Klasik, modern, post-modern sinema filan derken, pek çok sanat dalı gibi sinema da evrim geçirdi. Ancak Mutant Günlükleri sinema sanatının evrimini değil, ismi gibi bir mutasyonu simgeliyor. Kendi içinde mantık döngüsü kuramamasıyla, kültlere özenerek bir evren yaratmaya çalışıp yüzüne gözüne bulaştırmasıyla, ilkokul müsameresi tadında oyunculuklarıyla, acemice yapılmış kurgusuyla, “bir film nasıl çekilmemeli” konusunda ders olarak okutulabilir. Doomsday, Plan 9 From Outer Space, hatta Dünya’yı Kurtaran Adam gibi kiç filmlerin samimiyeti de olmayınca, Mutant Günlükleri’ni tarif etmek için elde kalan tek sıfat “kötü” oluyor.

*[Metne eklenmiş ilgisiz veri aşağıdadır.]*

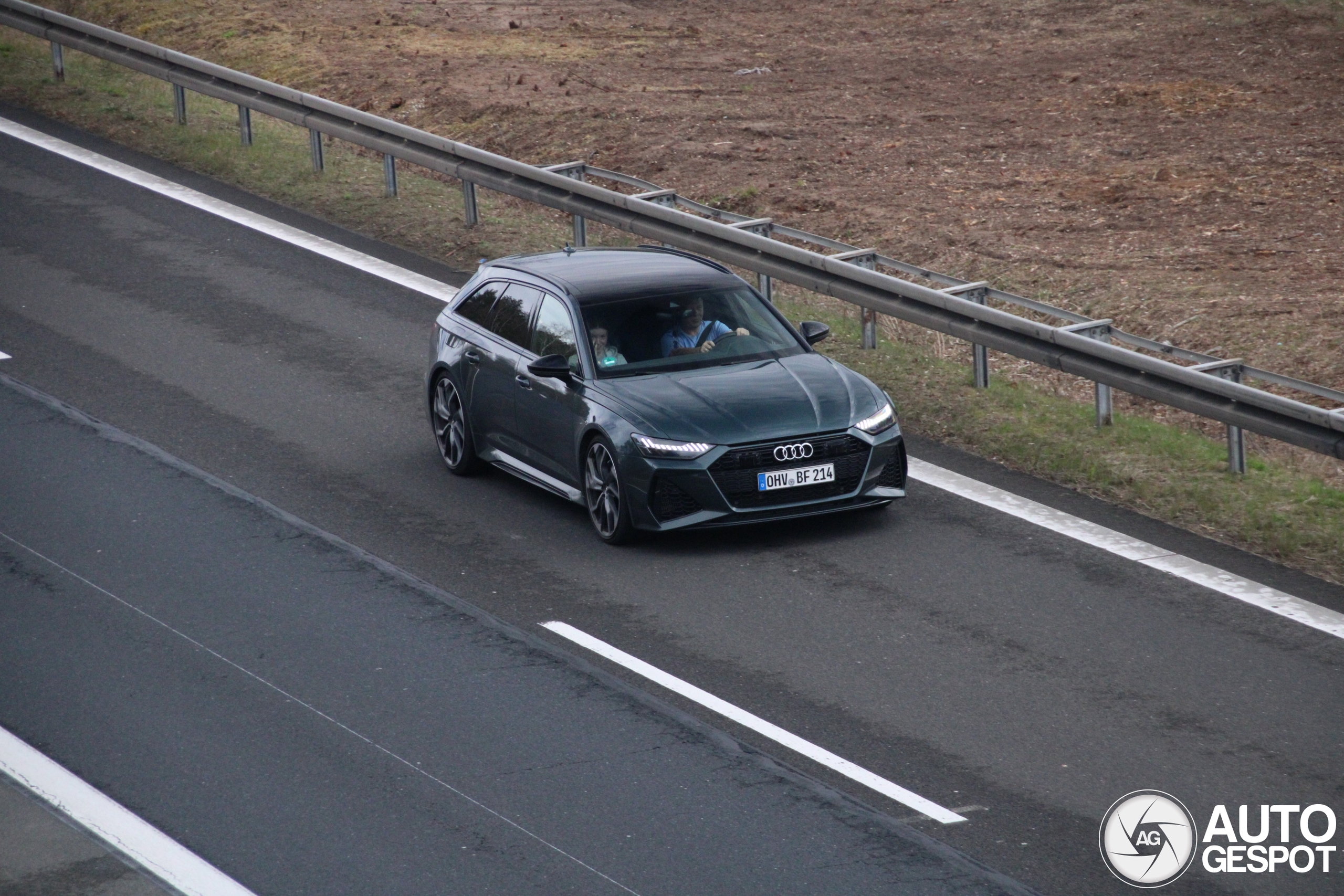 Audi RS6 Avant C8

eline sağlık kaan kardeş..
bir-iki hafta önce seyredip de şu rezaleti nerelere nasıl yazsam da rahatlasam dediğim filmin hakkını ne de güzel vermişsin..
öte yandan, bi türlü kısa tutamadığım naçizane yazılarıma erişen performansınla da ayrıca göz kamaştırıyorsun (:
ne zaman izlediğimi hatırlamıyorum, film o kadar kötüymüş ki yazıyı okuduktan sonra bile film hakkında birkaç kare dahi canlanmadı gözümde. şimdi neden hatırlayamıyorum diye meraktan tekrar bir göz atacağım filme. bulabilirsem eğer.
Aslında film vaad ettiklerini gerçekleştirebilse güzel bir film olabilcekken, konunun kötü işlenmesiyle hayal kırıklığı yaratan bir film oluyor.
Filmi ben daha çok komedi tadında izlediğimden inanın o kadar sıkılmadım. Yazı filmin olumsuzluklarını o kadar iyi anlatmış ki her cümleye katıldım. Kuzenimle filmi izlemeye başladığımızda nasıl bir filmle karşılacağımızı anlayarak bari gülerek izleyelim dedik. Bir çok sahnesi de alabildiğine güldürüyor. Ekipte her ırktan ve milletten insanların olması ve her ilerleyişte beyaz Amerikanlar hariç diğerlerinin ölmesi konusunda iddiaya bile girdik. Sona kalan kızı tahmin edemedik :)
Neyse film bir çok unsuruyla kötü denmeyi hakediyor gerçekten. Uwe Boll’un bir gömlek üstü diyorum ben bu yönetmene ve filmine.